Und siehe da: mir wurde auf eine Bewerbung nach kurzer Zeit geantwortet und hatte noch am selben Tag ein Vorstellungsgespräch und ein paar Probe-Stunden in einem feineren Restaurant in Methven, das im zentralen Canterbury westlich von Christchurch liegt. Die Stadt (oder das Dorf?) sagte mir erstmal nichts, ich googlete ein bisschen und kam zu dem Entschluss, dass es mir dort nahe der Berge sehr gut gefallen könnte – schließlich liebe ich es, zu wandern! Snowboarden wäre hier auch möglich, aber leider (oder zum Glück, wenn ich die schneereichen Bilder aus München sehe, die mir Freunde schicken) ist die Saison am nahegelegenen Mount Hutt erst ab Juli.
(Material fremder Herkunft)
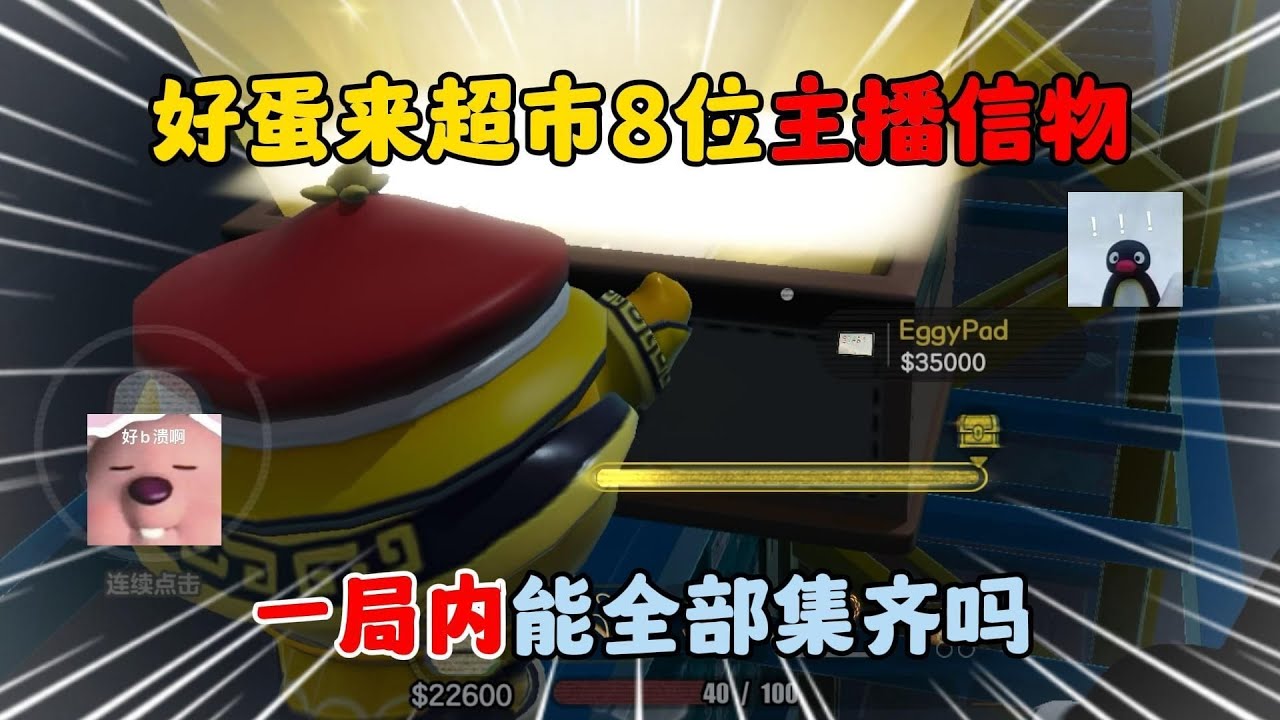 蛋仔派对：好蛋来超市8位主播信物，一局内能全部集齐吗？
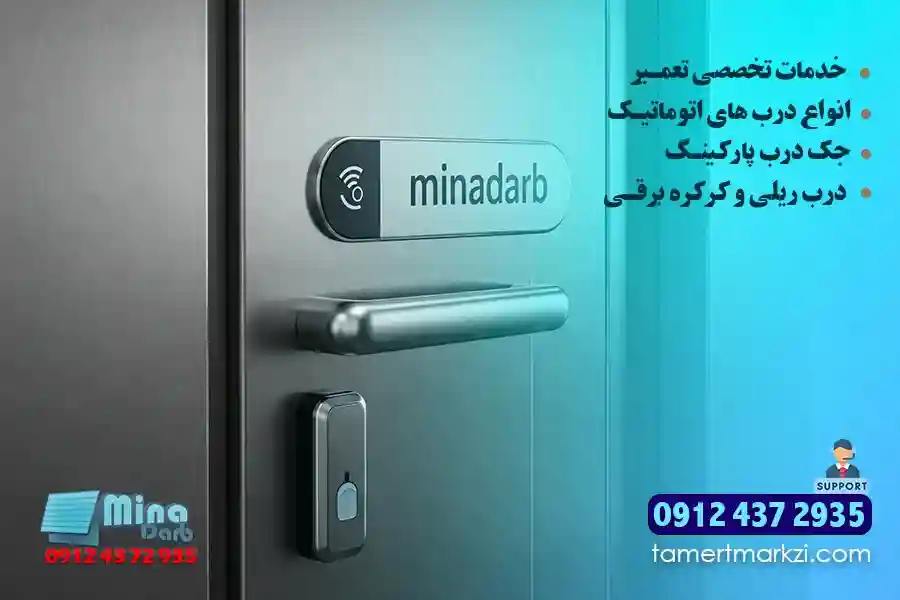آموزش تعمیر کرکره برقی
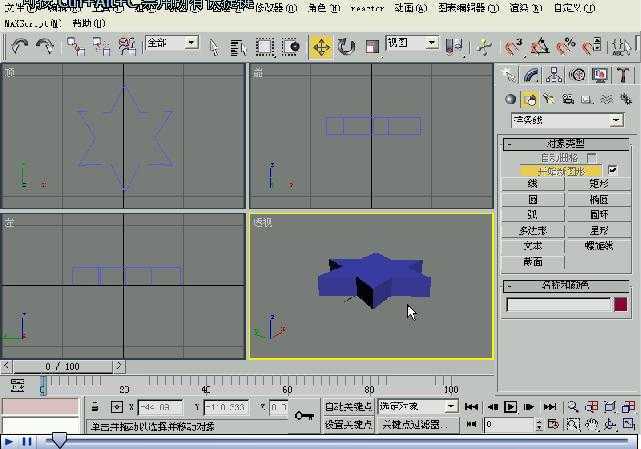 3D Maxs άƵ̳ 41 ϲͼΣ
Und so überredete ich Steffi mit mir nach Methven zu fahren, sodass ich mein Glück beim Job-Interview versuchen konnte. Wir haben innerhalb von zwei Tagen unseren Plan also mehrmals umgeschmissen, aber wozu machen wir schließlich Work & Travel hier in Neuseeland? Um ungebunden tun und lassen zu können, was wir wollen. Und so fuhren wir immer geradeaus über die flachen Ebenen der Canterbury Plains Richtung Neuseeländische Alpen, an unzähligen Wein- und Weizenfeldern sowie etlichen Schaf- und Kuhherden vorbei, mit nervösen Gedanken an mein erstes Vorstellungsgespräch in Neuseeland.